▶ [GIVEN RECORDS]:
━━━━━━
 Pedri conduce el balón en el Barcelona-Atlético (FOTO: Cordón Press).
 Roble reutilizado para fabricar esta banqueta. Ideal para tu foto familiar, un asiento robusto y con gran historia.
━━━━━━
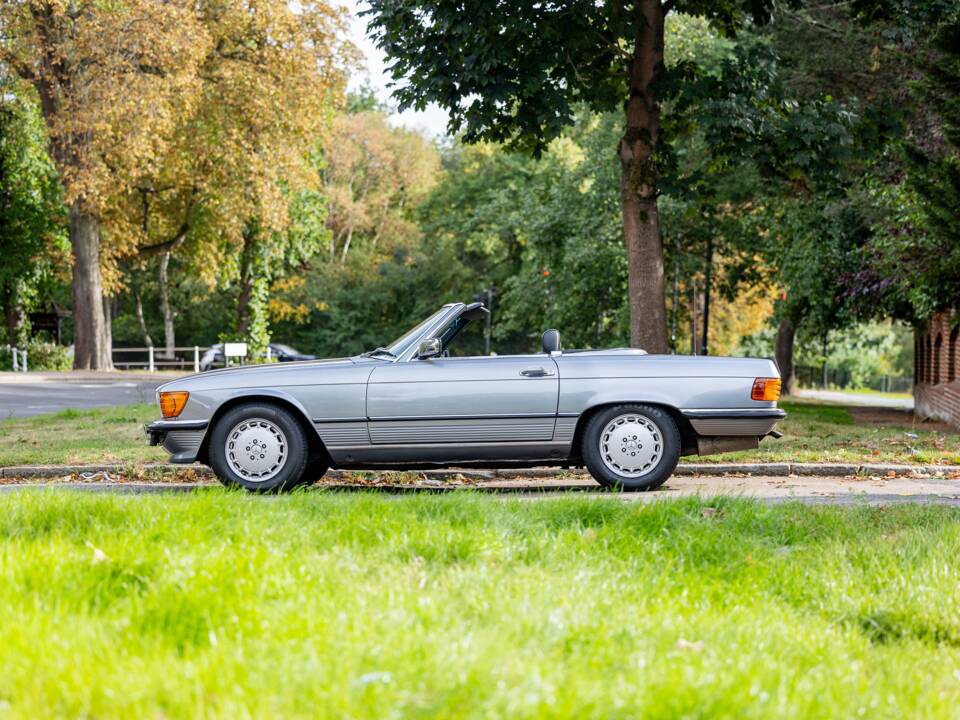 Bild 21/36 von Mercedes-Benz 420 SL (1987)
━━━━━━
▶ [EXERCISE PROMPT]: Keep both end lines and retype everything in the records above from the line containing "Pedri conduce el" through the line containing "Roble reutilizado para", exactly, with nothing else.

▶ [SOLVED PROBLEM]:
 Pedri conduce el balón en el Barcelona-Atlético (FOTO: Cordón Press).
 Roble reutilizado para fabricar esta banqueta. Ideal para tu foto familiar, un asiento robusto y con gran historia.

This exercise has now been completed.